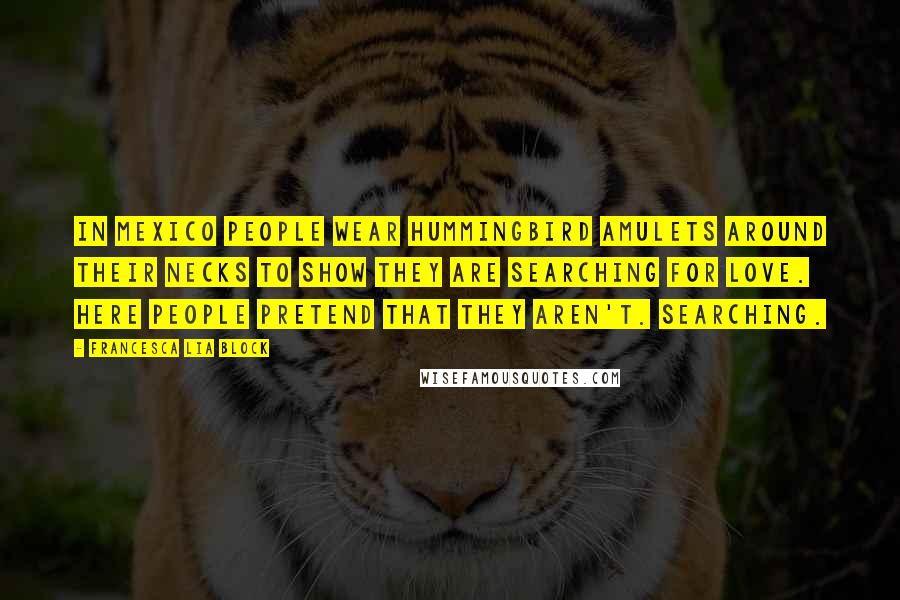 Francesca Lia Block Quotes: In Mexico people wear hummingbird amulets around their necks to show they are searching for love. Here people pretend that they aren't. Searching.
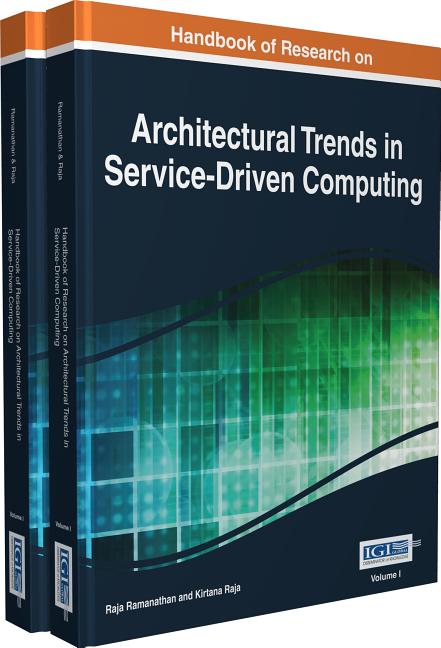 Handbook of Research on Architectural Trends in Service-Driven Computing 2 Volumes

----

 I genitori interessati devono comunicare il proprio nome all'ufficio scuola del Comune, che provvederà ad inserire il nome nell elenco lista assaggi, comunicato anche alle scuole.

----

REQUIRED WORK — Now transcribe the lines above exactly, starting at the line containing "Francesca Lia Block" and ending at the line containing "Handbook of Research", both lines included, pictures excluded.

TASK SOLUTION —
 Francesca Lia Block Quotes: In Mexico people wear hummingbird amulets around their necks to show they are searching for love. Here people pretend that they aren't. Searching.
 Handbook of Research on Architectural Trends in Service-Driven Computing 2 Volumes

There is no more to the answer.